Habib Touhami: Le développement régional entre rupture et continuité
Les classes dirigeantes tunisiennes se sont ouvertes depuis le 14 janvier 2011 à un plus grand nombre de citoyens jusque-là exclus des cercles de décision et de pouvoir. Le nombre d’associations a explosé, celui des partis politiques passa de moins d’une dizaine à près de deux cents. La parole a été enfin libérée.
La presse est devenue indépendante ou presque, même si on doit regretter l’aliénation de certaines de ses composantes aux forces de l’argent. Mais rien n’a réellement changé quant à notre façon d’aborder les problèmes majeurs du pays. Sur le plan du développement économique et social comme sur d’autres plans, la continuité l’a emporté sur la rupture.

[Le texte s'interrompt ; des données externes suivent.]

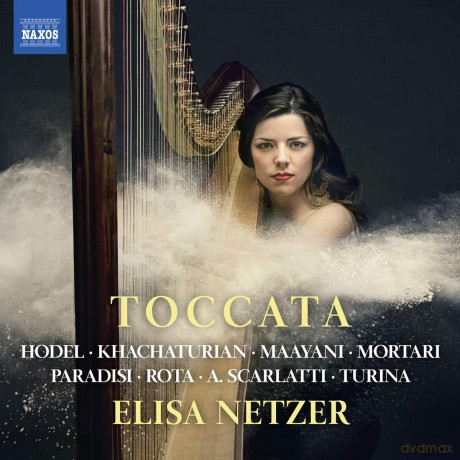 Elisa Netzer: Toccata [CD]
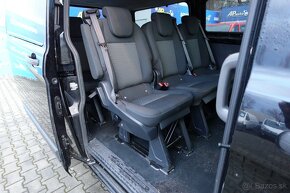 FORD TRANSIT CUSTOM L2H1 8MÍST BUS 2.0TDCI KLIMA - 19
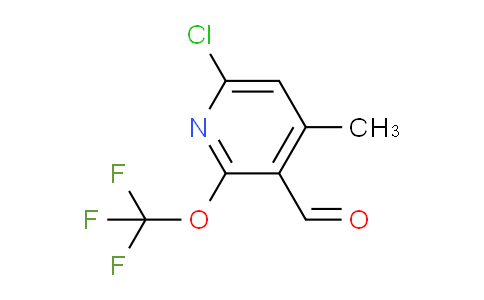 AM215829 | 1803936-83-5 | 6-Chloro-4-methyl-2-(trifluoromethoxy)pyridine-3-carboxaldehyde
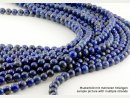 Lapis strand - 8 mm, royal blue, 39 cm /2250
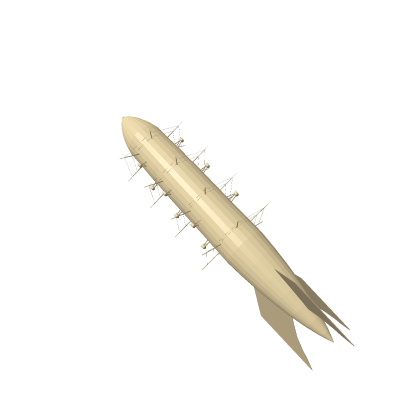 Ultimate House Blimp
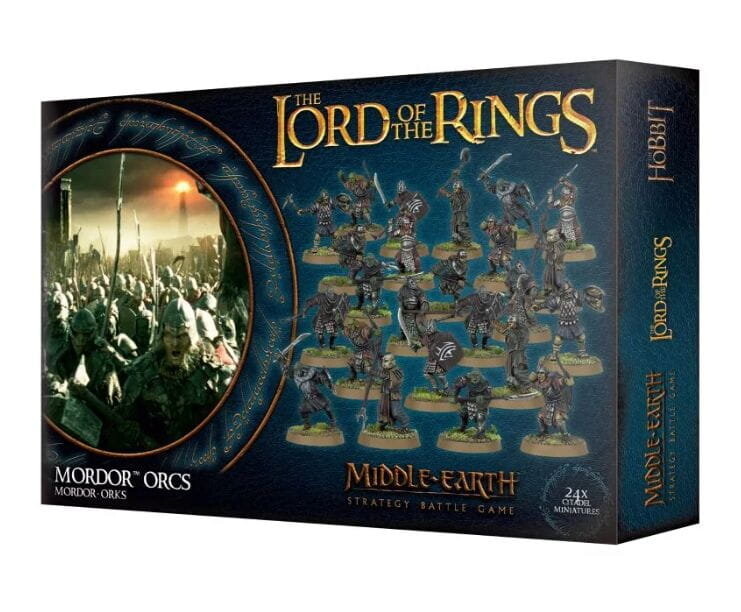 

Warhammer Lotr — Мордорские Орки Games Workshop
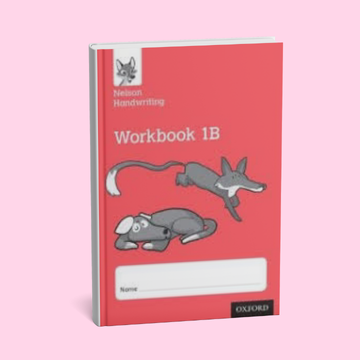 Oxford Nelson Handwriting English Workbook 1B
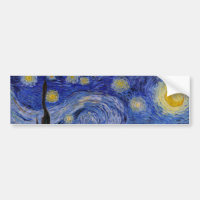 Vincent Van Gogh - A noite de Starry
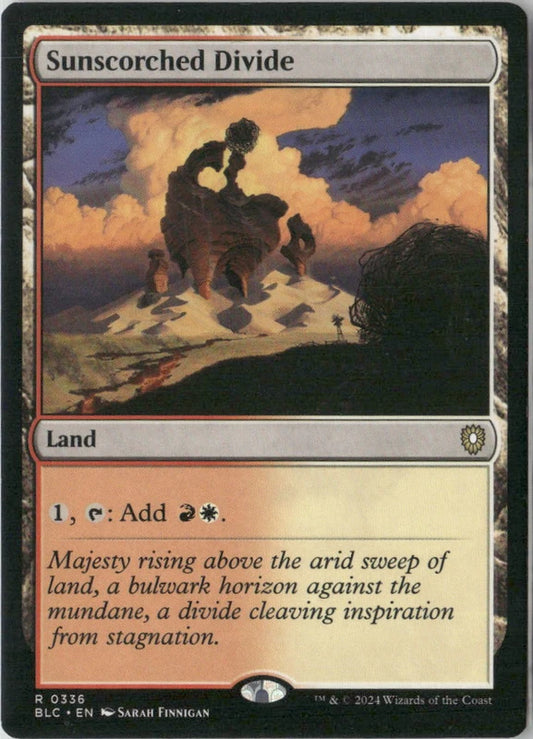 Scan Image | Sunscorched Divide - Commander: Bloomburrow | [286230DA]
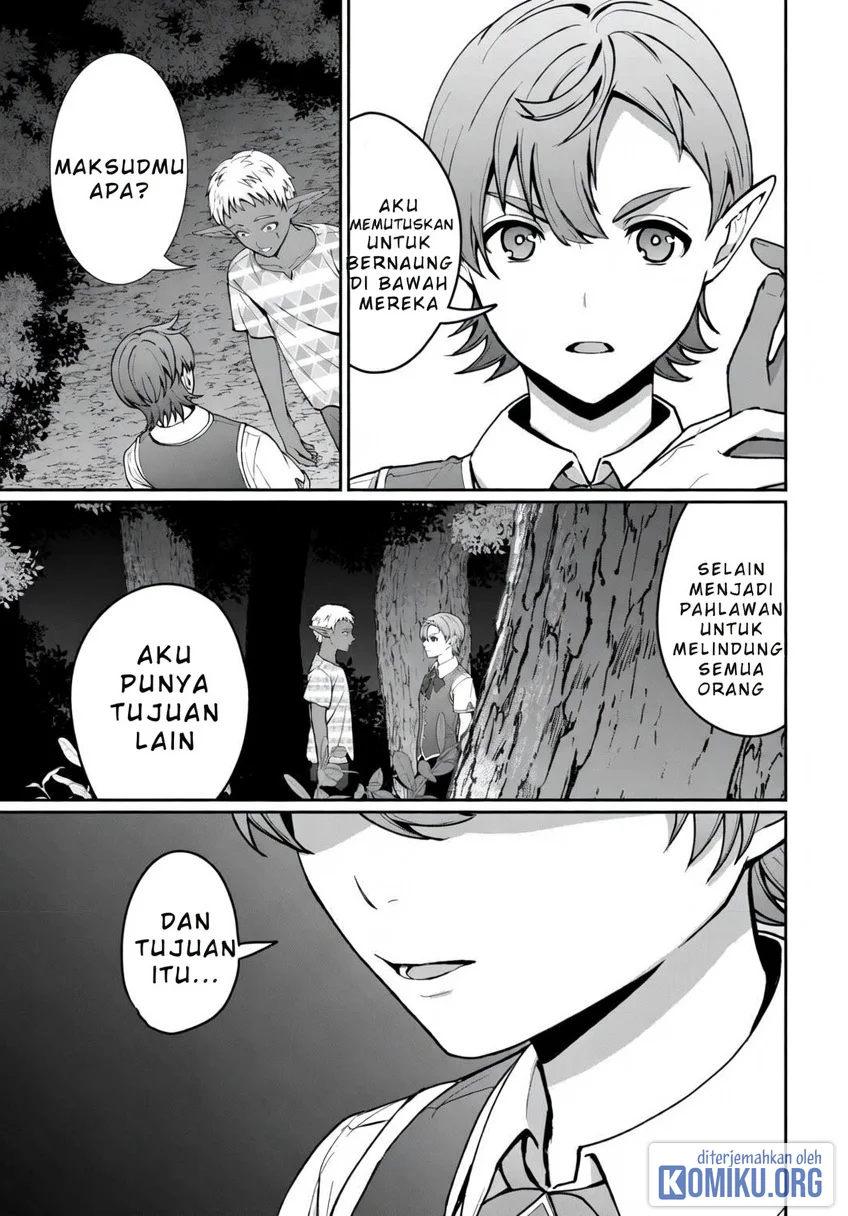 Isekai de Mizu no Dai Seirei Yattemasu. Chapter 21 Gambar 21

Les gouvernements successifs constitués après le 14 janvier 2011 ont tous proclamé leur volonté de mettre fin à la marginalisation de certaines régions sans jamais rompre avec un modèle de développement qui a conduit à cette même marginalisation. En effet, l’aggravation des inégalités régionales réside fondamentalement dans une conception erronée du développement économique et social. Cette conception perdure. De plus, le développement des régions en retard requiert que l’on agisse concomitamment et dans le cadre du même plan régional sur trois volets : l’infrastructure de base, la mise à niveau du capital humain, l’implantation de nouvelles activités économiques, dans le secteur secondaire en particulier.

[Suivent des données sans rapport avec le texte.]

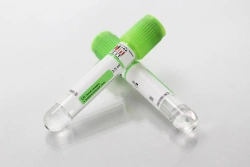Sterile Vacuum Blood Collection Tube "NIII TEST" with Lithium Heparin 16*100 mm, 5.5 ml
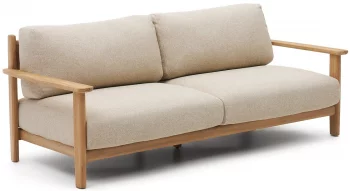 Диван для патио из тика Tirant 212X96X76 CM
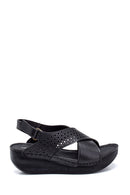Women's Casual Wedge Heel Sandals | Derimod Women's Casual Wedge Heel Sandals | Derimod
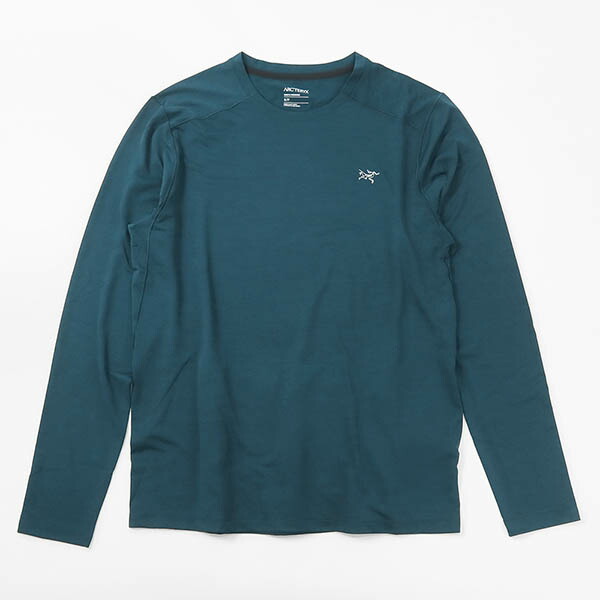 と*ま様 【未使用】アークテリクス　長袖カットソー　長袖Tシャツ　arc'ter ARC'TERYX 新品 アークテリクス Arc'Multi Bird Logo LS M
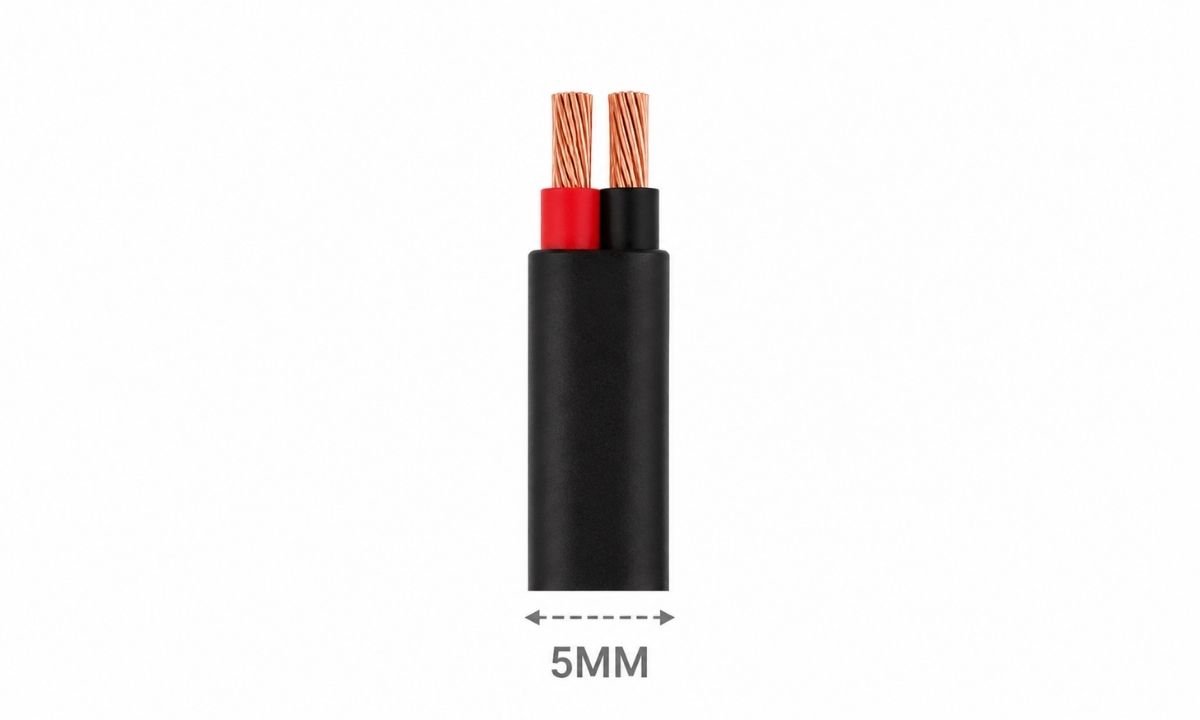 Thick Cable Width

L’Etat tunisien s’est cru quitte en agissant sur le premier volet, accessoirement sur le second et pas du tout sur le troisième. Il délégua au seul Code de l’investissement le soin d’y pourvoir. On sait ce qu’il en est advenu. L’investissement privé, qu’il soit national ou étranger, n’a pas pu ou voulu y satisfaire, et ce, en dépit de tous les aménagements introduits dans ce même code au cours des cinq dernières décennies. Les tendances n’ont jamais été altérées, encore moins inversées. Au final, la Tunisie de 2016 accuse plus de différences régionales qu’en 1956. On peut certes faire ressortir « l’exception » des acquis éducatifs, moins inégaux, mais si on veut aller au-delà de la surface des choses, on constate qu’en 2014 les analphabètes constituent 32,9% de la population âgée de 10 ans et plus dans le gouvernorat de Kairouan, 32,1% à Jendouba, 32% à Kasserine, 31% à Siliana et 29,2% à Sidi Bouzid.

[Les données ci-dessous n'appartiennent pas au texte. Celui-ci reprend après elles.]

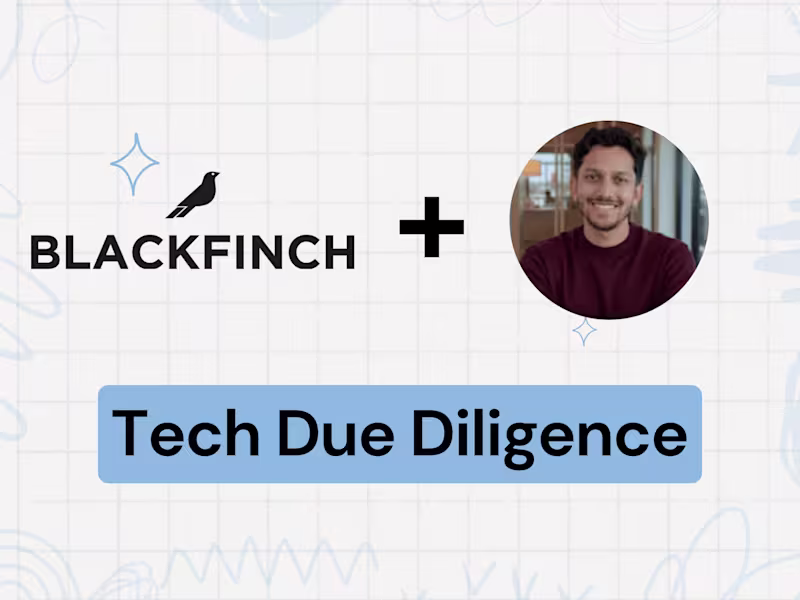 Cover image for Technical Due Diligence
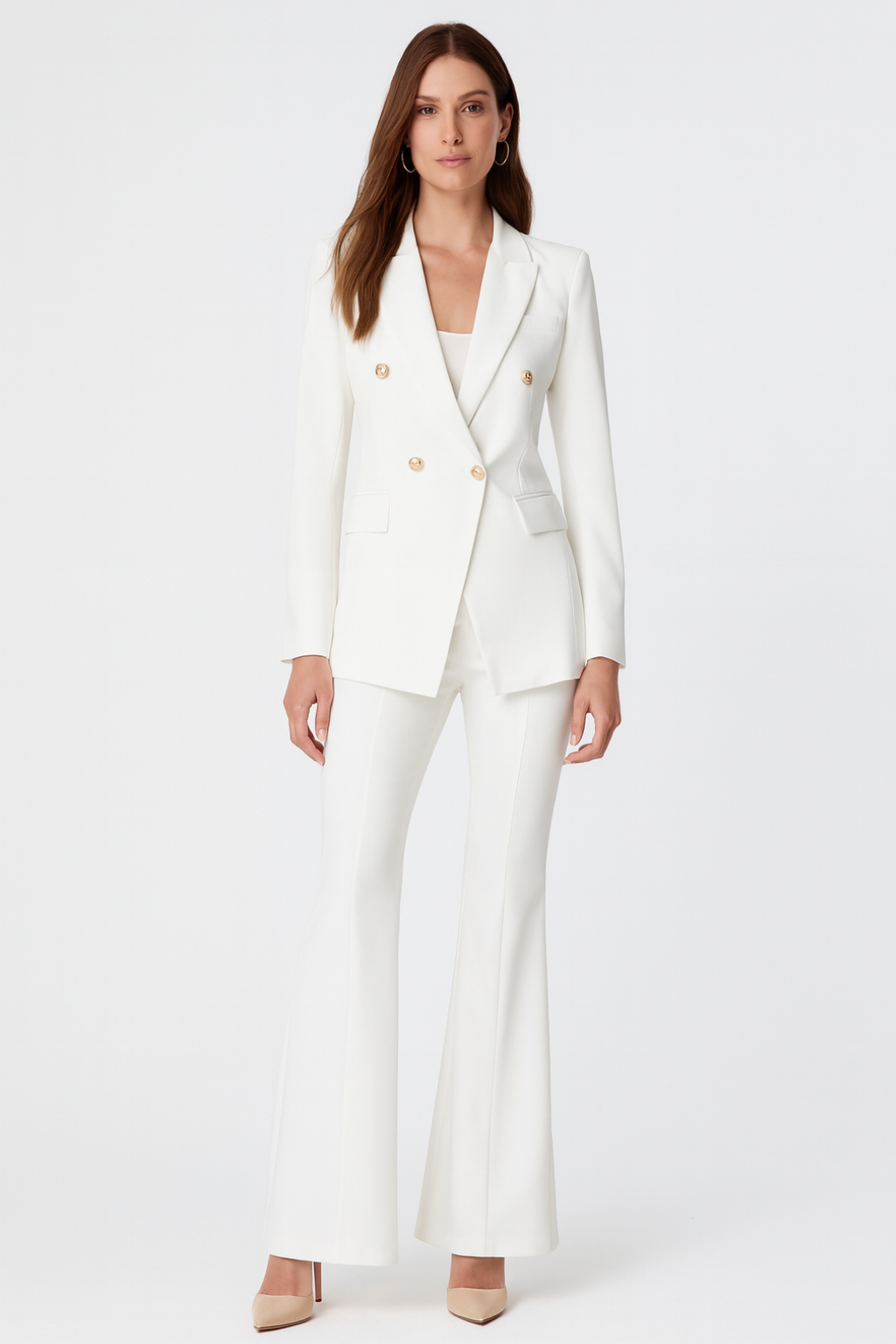 Women's Elegant Two-Piece Formal Set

Une colère sourde et inquiétante monte crescendo dans certaines régions du pays. Elle a pour origine l’accumulation des frustrations, l’accroissement des inégalités régionales et de la misère sociale et l’incapacité du pouvoir, de tous les pouvoirs, d’y remédier. Si cette colère n’est pas écoutée avec respect, humilité et lucidité, si elle n’est pas prise au sérieux par le pouvoir et la collectivité nationale dans son ensemble, si on s’obstine à n’y répondre que par des subsides ou des palliatifs, elle se transformera inévitablement en révolte sanglante et dévastatrice dont les conséquences sur l’unité nationale et la paix civile seront plus graves que le terrorisme lui-même.